> _Data supplied_
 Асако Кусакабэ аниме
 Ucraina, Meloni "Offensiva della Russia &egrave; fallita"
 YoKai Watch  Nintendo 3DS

---

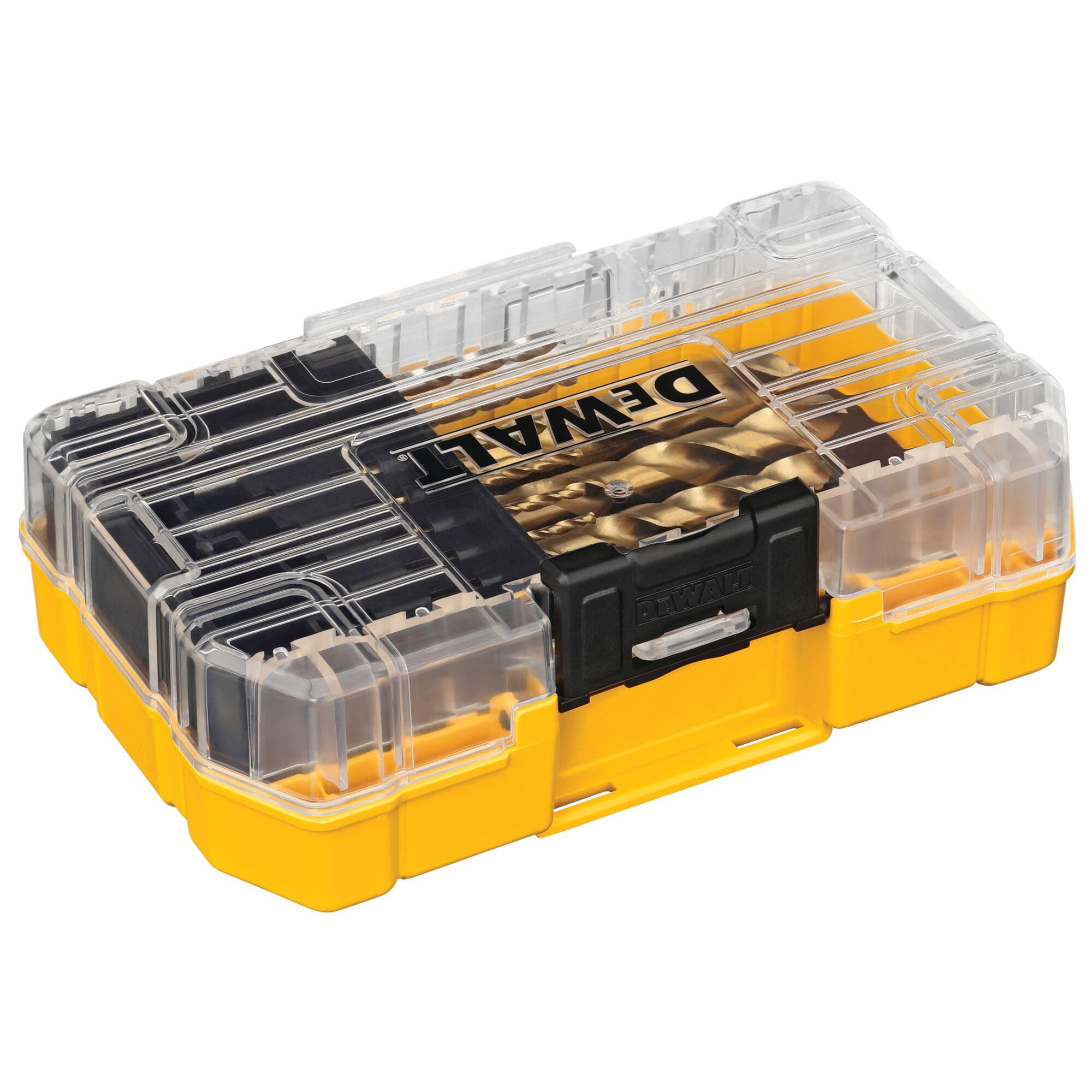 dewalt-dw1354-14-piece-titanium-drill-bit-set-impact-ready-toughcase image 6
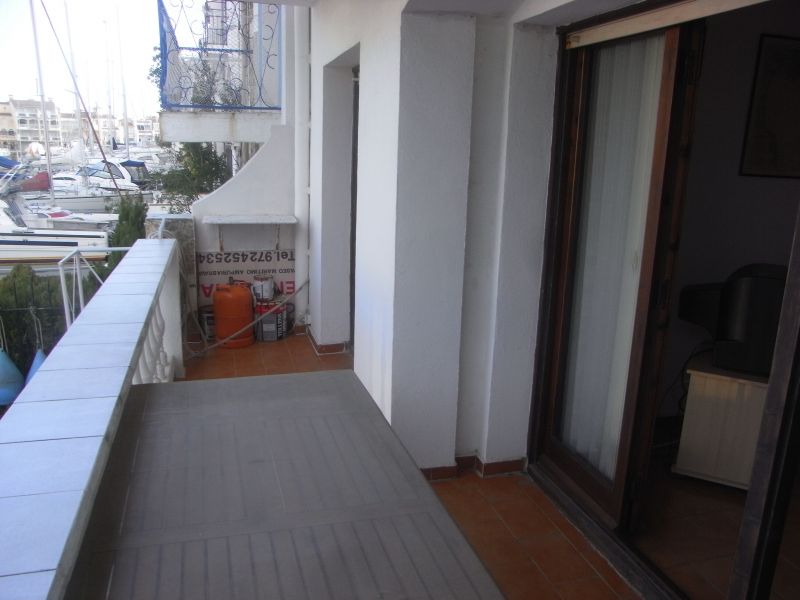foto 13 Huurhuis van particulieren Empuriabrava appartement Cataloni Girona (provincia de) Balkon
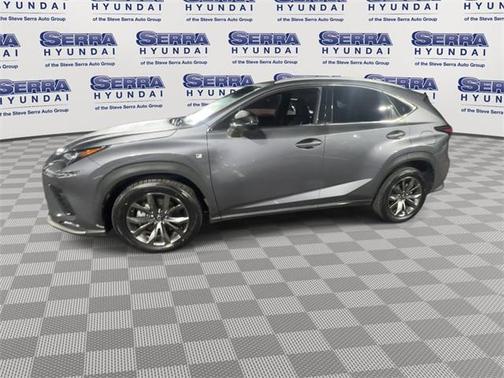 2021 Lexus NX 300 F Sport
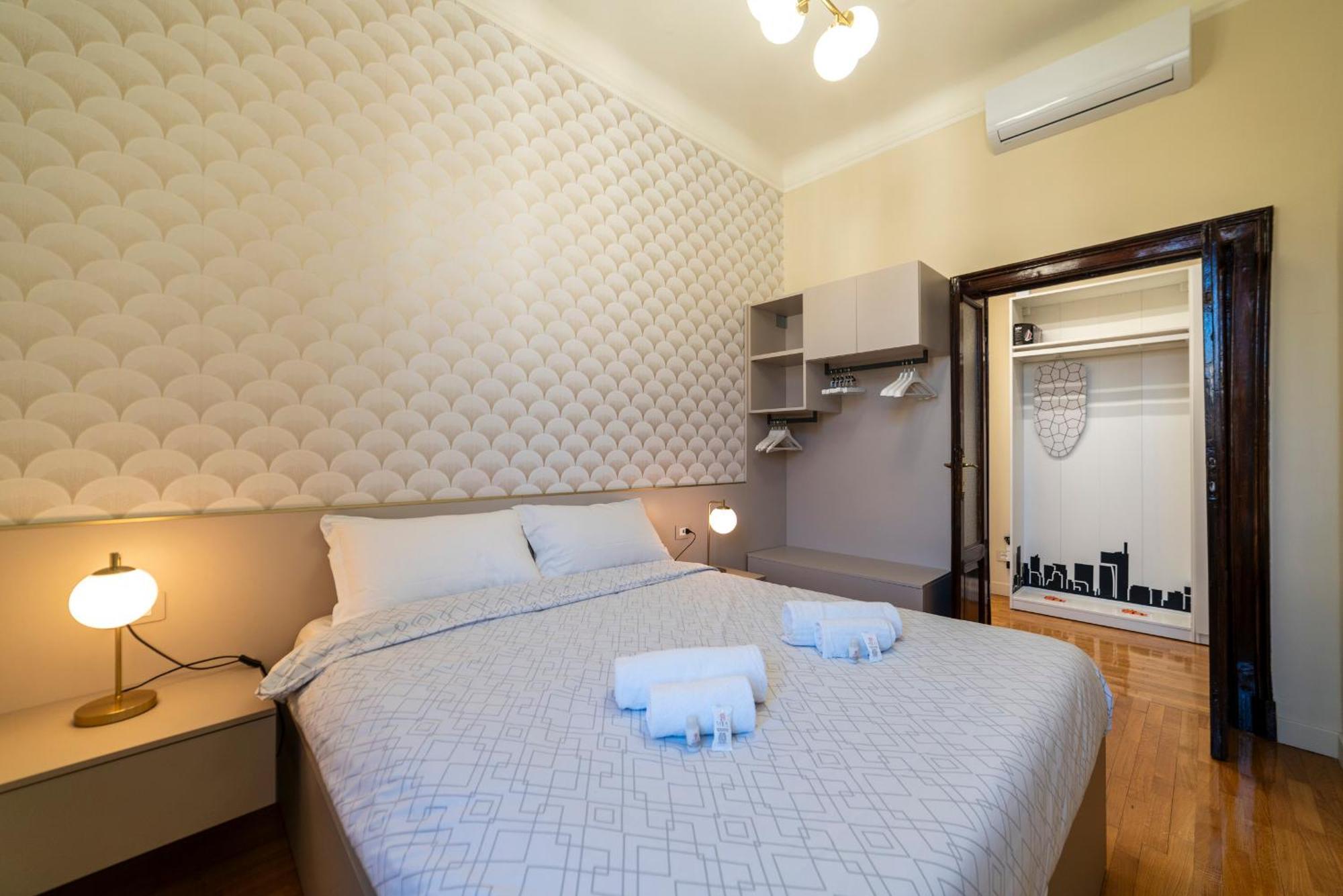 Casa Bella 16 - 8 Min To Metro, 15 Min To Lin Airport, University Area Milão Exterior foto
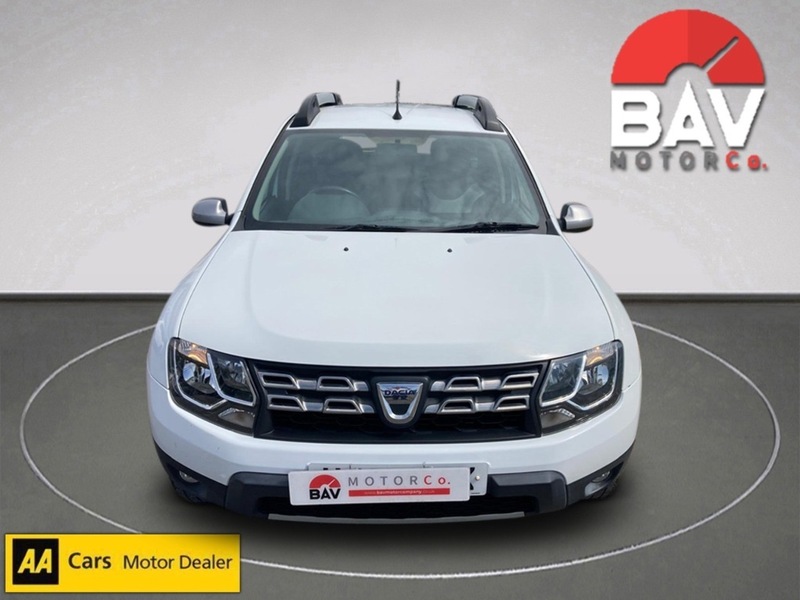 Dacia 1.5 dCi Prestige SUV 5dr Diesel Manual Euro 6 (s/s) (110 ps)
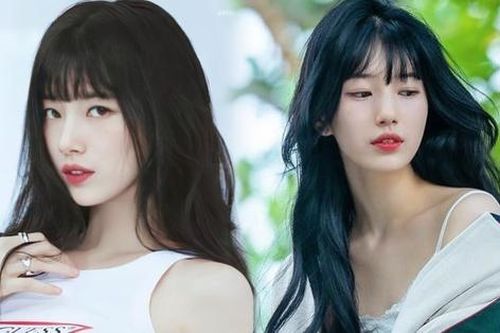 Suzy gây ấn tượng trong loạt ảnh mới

==

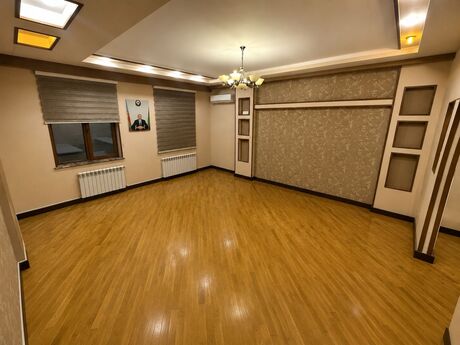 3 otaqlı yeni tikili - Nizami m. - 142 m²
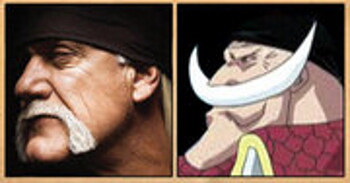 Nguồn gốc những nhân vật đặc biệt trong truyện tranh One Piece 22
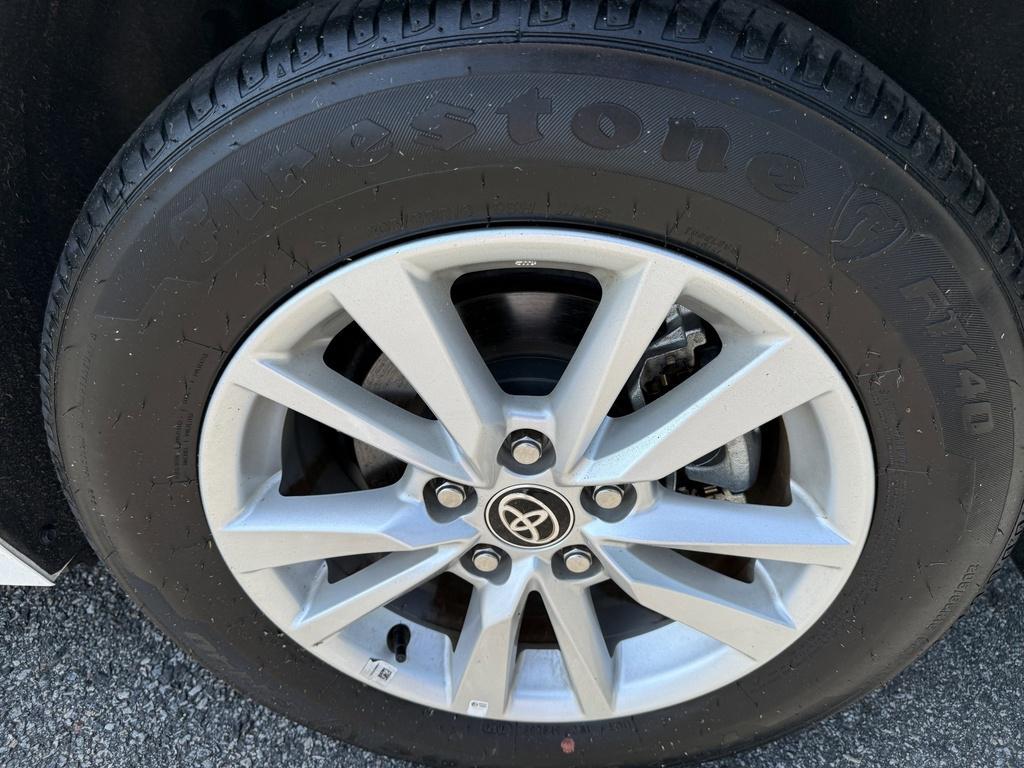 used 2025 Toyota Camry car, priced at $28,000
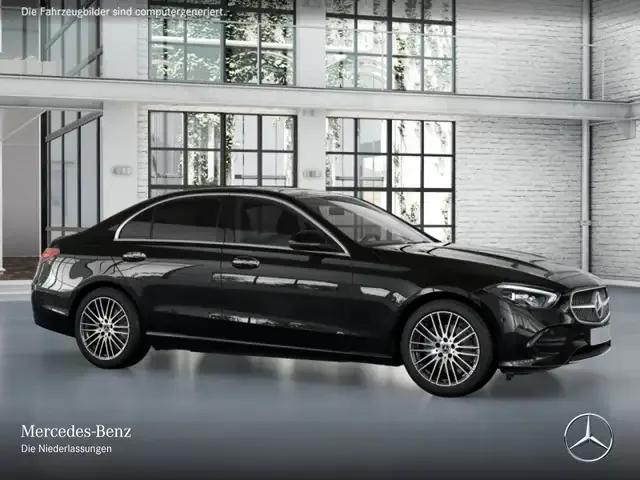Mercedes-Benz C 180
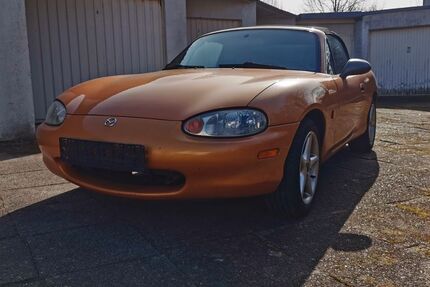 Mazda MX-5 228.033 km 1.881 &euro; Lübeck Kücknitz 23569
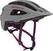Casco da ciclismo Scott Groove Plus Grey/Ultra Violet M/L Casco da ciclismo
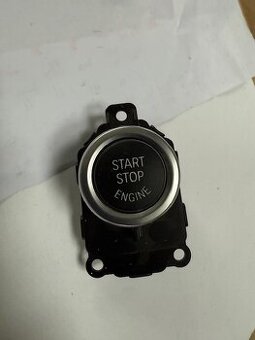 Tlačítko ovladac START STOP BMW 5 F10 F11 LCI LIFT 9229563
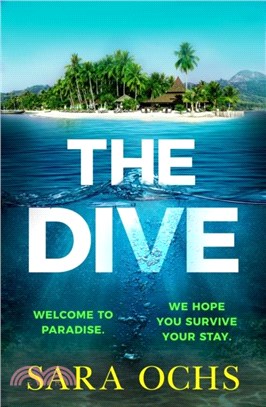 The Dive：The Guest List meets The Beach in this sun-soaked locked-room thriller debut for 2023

> _Goal of the exercise_
Look above for the line holding "Casa Bella 16" and output everything from it down to the line holding "Suzy gây ấn tượng trong loạt ảnh mới", both ends included, exactly and without images.

> _Problem solution_
 Casa Bella 16 - 8 Min To Metro, 15 Min To Lin Airport, University Area Milão Exterior foto
 Dacia 1.5 dCi Prestige SUV 5dr Diesel Manual Euro 6 (s/s) (110 ps)
 Suzy gây ấn tượng trong loạt ảnh mới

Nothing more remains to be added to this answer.